It is worth noting that reviewer, and thereby journal, rejection is rarely the end of the line for a determined author. Should a prestigious high impact journal reject a paper as unsuitable, for whatever reason, an author is always free to subsequently submit it to a lower status journal; and, if necessary, this process can be repeated several times until some cohort of reviewers deems a paper acceptable for publication. Once published, the history of rejection vanishes and for all eternity the article in question now bears the seal of “peer reviewed” and is therefore ascribed unique credibility. Looking back at the process, neither an author nor anyone else can know if rejection was ultimately based on the quality of the science, general interest in the topic at hand or reviewer bias. The problem with the above scenario is its gross inefficiency. The time and effort required to submit, edit, and then resubmit, only to get rejected, and then repeating the process over again, even multiple times if necessary, is often a test of endurance and will, not necessarily intrinsic scientific quality. How many great ideas never see the light of day having been defeated by the methodologies inherent to traditional peer review publishing? Such inefficiencies seem antiquated and socially unproductive in a modern world impatient for answers to our medical afflictions.

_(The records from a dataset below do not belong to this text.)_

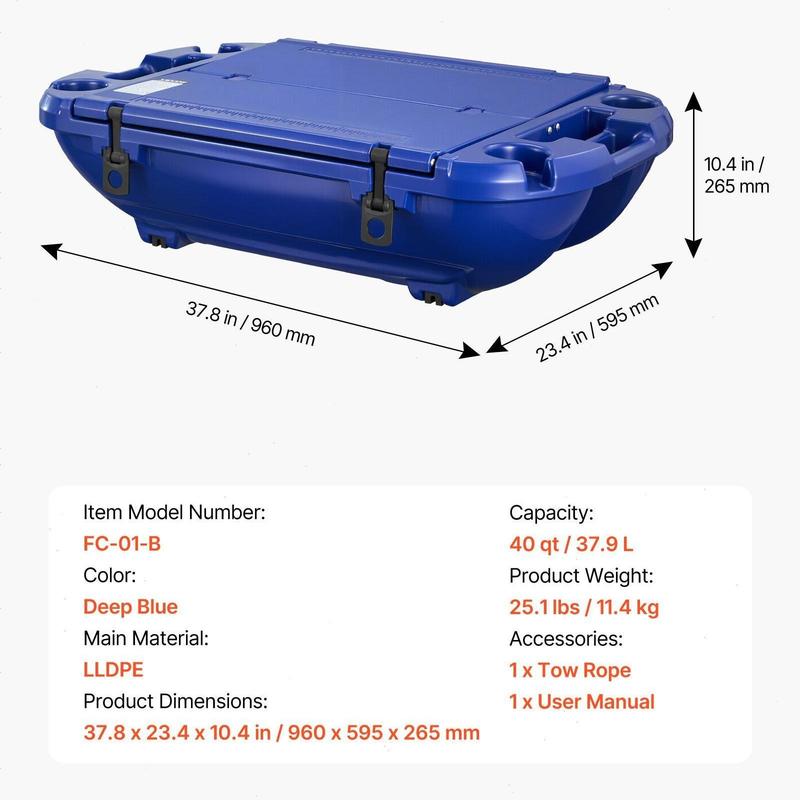 40 QT Floating Cooler Orange w/ Dry Storage & Rope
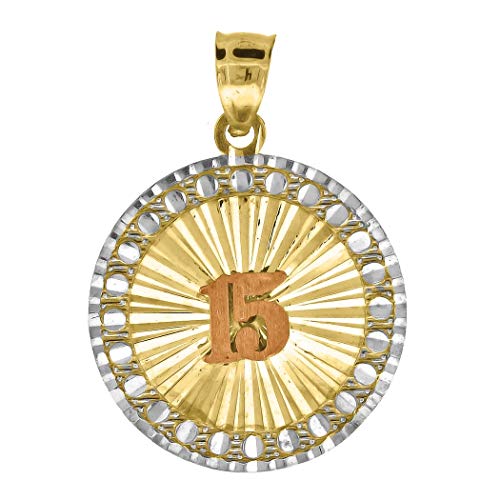 JewelryWeb - Colgante de Oro de 10 K Tricolor para Mujer con Corte Brillante de 15 años de Quinceanera, Mide 26,9 x 20,00 m, más Alto Grado de Oro Que Oro de 9 Quilates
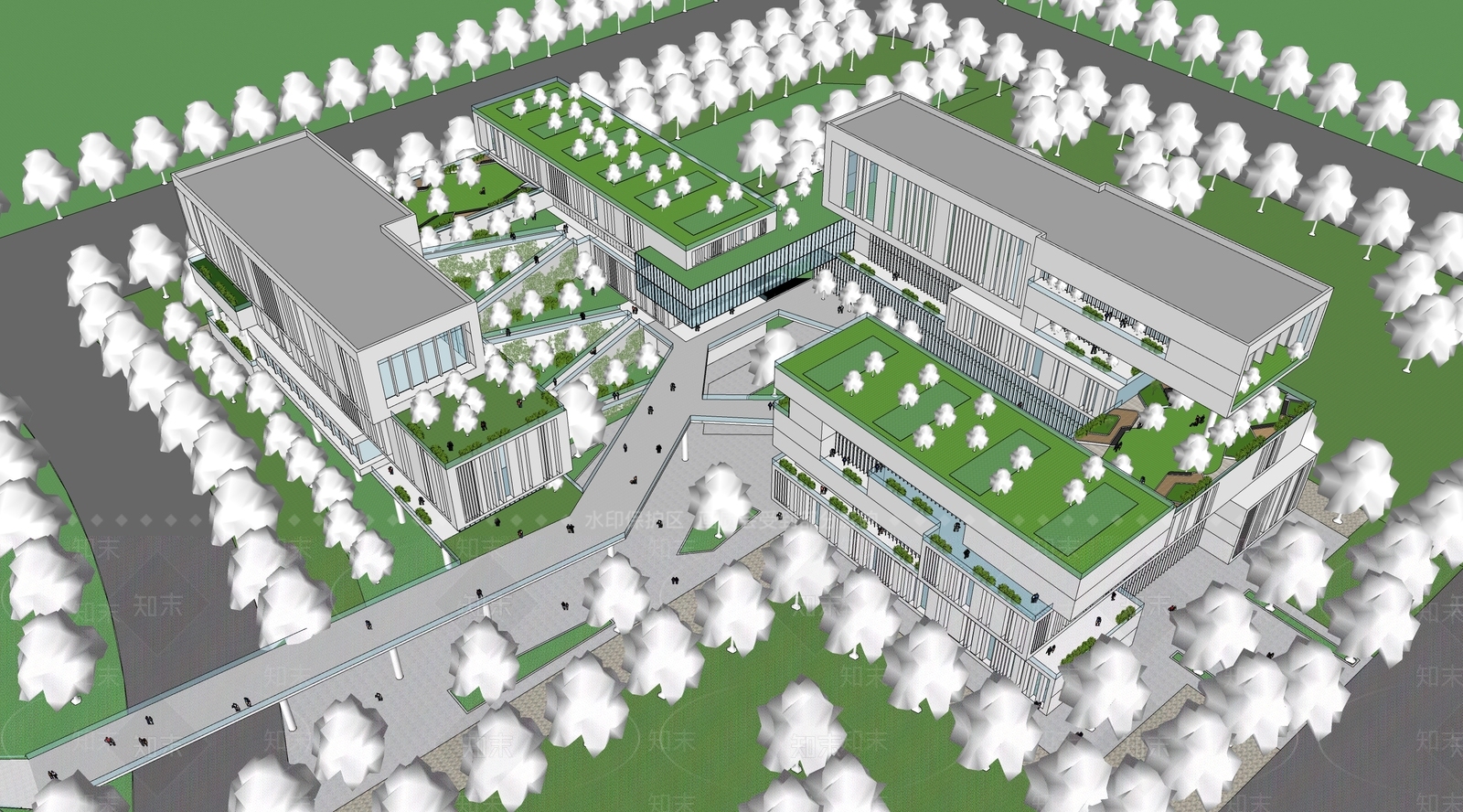 现代新中式小公建SU模型下载【ID:1175867040】
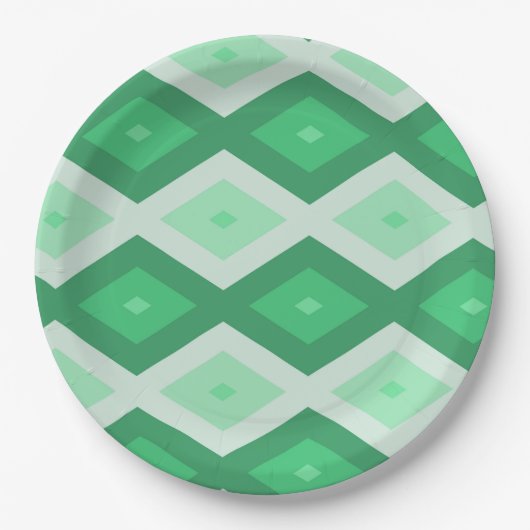 Shades van groen diamantpatroon papieren bordje (Voorkant)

Despite the biases steeped in traditional peer reviewed publishing the process does have its pluses. Specifically in the world of paper journals, which have a finite number of printed pages, the rejection process, even if sometimes arbitrary, does provide a needed method for rationing a limited and expensive (including its environmental impact) resource. Moreover, the process of expert review can lead to useful suggestions, which if incorporated in a manuscript, can ultimately make for a better publication. However, might there be an alternative solution to these above-mentioned challenges?

MEDICAL JOURNAL BALKANIZATION

Most journals of medicine are sponsored and organized by medical societies. At the time of their formation, members of these “social networks” share common and unique intellectual interests which the journals reflect. However, over time, sub-specialization within a field increasingly disperses what were once common scientific interests and in turn the clinical practices and research interests of adjacent medical fields start to intersect with one another. These newly created niches are rarely mirrored within the social networks and subject matter of neighboring journals. Instead, parallel silos of similar knowledge grow up rigidly alongside one another with limited ability for cross communication. This unproductive structure is reinforced by medicine's worship of tradition as well as the lucrative economics of medical journals, which serve to underwrite many functions of medical societies, including their increasingly political agendas. This combination of forces has resulted in an increasingly balkanized universe with content spread across more than 6000 (and growing) individual journals. Such proliferation has made it harder for readers of medical journals, including an emerging class of avid-patients, to find the relevant content they seek. Figure 1 , illustrates the challenges of reader engagement and finding relevant content in an environment of paper journals.


Figure 1

This image of unopened mail, taken from the office of a chaired professor at a leading American university, illustrates the challenges all physicians confront in consuming the current torrent of paper medical journals

 

Virtually, every research topic, and thereby related scientific paper, has a natural constituency (often best expressed by key words), which if given the chance, might ordinarily cross medical specialties. Is it possible that the world of internet search engines and communication tools can enable a new peer review process that more readily reflects the realities of modern medical specialization?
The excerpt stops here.